As far as I know moving a pCPU in/out of a pool is something that cannot
happen automatically: it requires manual intervention to the user and it
is uncommon. We could print a warning or simply return error to prevent
the action from happening. Or something like:

"This action might result in memory corruptions and invalid behavior. Do
you want to continue? [Y/N]


> I am also concerned that it would be more difficult to detect any
> misconfiguration. So I think this option would still need to be turned on only
> if hmp-unsafe are the new command line one are both on.
> 
> If we want to enable it without hmp-unsafe on, we would need to at least lock
> the pools.

Locking the pools is a good idea.

My preference is not to tie this feature to the hmp-unsafe command line,
more on this below.


> > - when hmp-unsafe is on, this feature will be turned of (if activated in
> > configuration) and all cores would be added in the same pool.
> > 
> > What do you think ?
> 
> I am split. On one hand, this is making easier for someone to try big.LITTLE
> as you don't have manually pin vCPUs. On the other hand, this is handling a
> single use-case and you would need to use hmp-unsafe and pinning if you want
> to get more exotic setup (e.g. a domain with big.LITTLE).
> 
> Another possible solution is to pin dom0 vCPUs (AFAIK they are just sticky by
> default) and then create the pools from dom0 userspace. My assumption is for
> dom0less we would want to use pinning instead.
> 
> That said I would like to hear from Xilinx and EPAM as, IIRC, they are already
> using hmp-unsafe in production.

This discussion has been very interesting, it is cool to hear new ideas
like this one. I have a couple of thoughts to share.
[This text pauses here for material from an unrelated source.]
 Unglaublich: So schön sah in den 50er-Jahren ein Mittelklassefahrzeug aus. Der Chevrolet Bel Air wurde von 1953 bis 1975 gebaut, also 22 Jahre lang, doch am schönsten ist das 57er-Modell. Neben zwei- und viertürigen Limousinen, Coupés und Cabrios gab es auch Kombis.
First I think that the ability of creating cpupools at boot time is
super important. It goes way beyond big.LITTLE. It would be incredibly
useful to separate real-time (sched=null) and non-real-time
(sched=credit2) workloads. I think it will only become more important
going forward so I'd love to see an option to configure cpupools that
works for dom0less. It could be based on device tree properties rather
than kconfig options.

It is true that if we had the devicetree-based cpupool configuration I
mentioned, then somebody could use it to create cpupools matching
big.LITTLE. So "in theory" it solves the problem. However, I think that
for big.LITTLE it would be suboptimal. For big.LITTLE it would be best
if Xen configured the cpupools automatically rather than based on the
device tree configuration. That way, it is going to work automatically
without extra steps even in the simplest Xen setups.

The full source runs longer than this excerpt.